**DATA SUPPLIED**
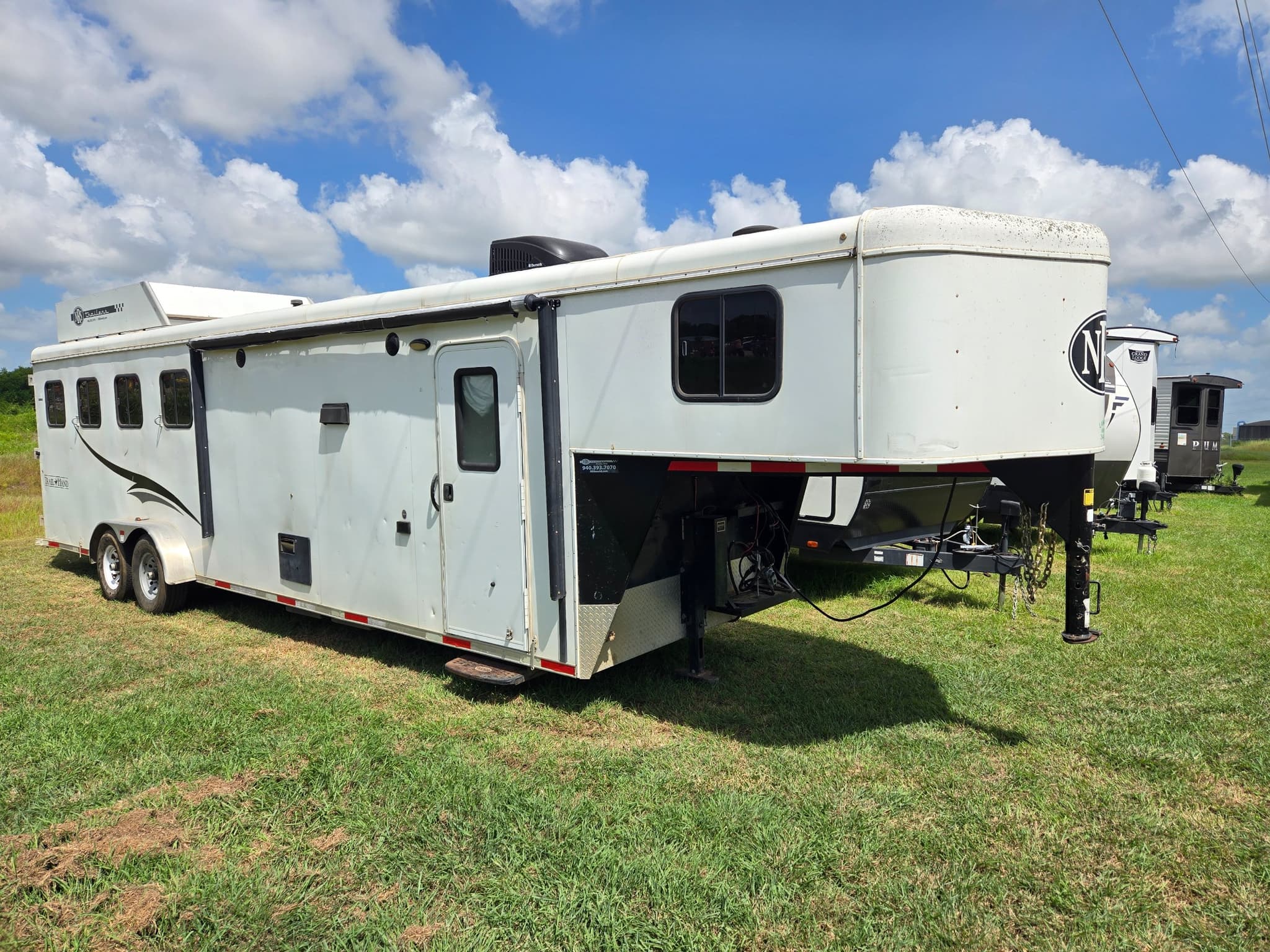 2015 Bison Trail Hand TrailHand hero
...
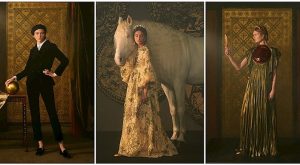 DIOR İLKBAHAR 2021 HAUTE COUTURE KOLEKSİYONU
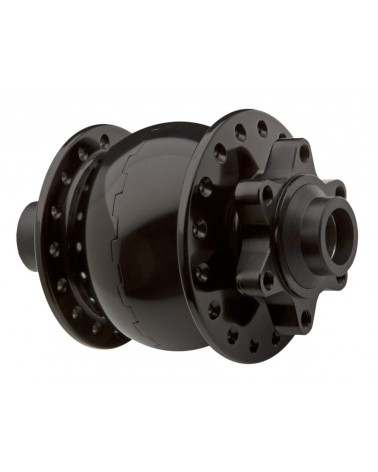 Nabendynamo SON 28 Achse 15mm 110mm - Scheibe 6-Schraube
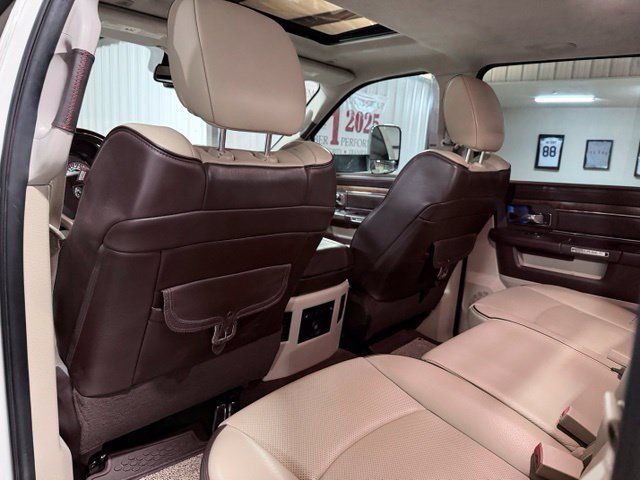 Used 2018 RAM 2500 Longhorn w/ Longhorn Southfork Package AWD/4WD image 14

**HOW TO COMPLETE THIS TASK**
Could you write out exactly the lines of the data above that run from the one holding "Nabendynamo SON 28" to the one holding "Used 2018 RAM", with both ends in and all pictures out?

**EXPECTED OUTPUT**
 Nabendynamo SON 28 Achse 15mm 110mm - Scheibe 6-Schraube
 Used 2018 RAM 2500 Longhorn w/ Longhorn Southfork Package AWD/4WD image 14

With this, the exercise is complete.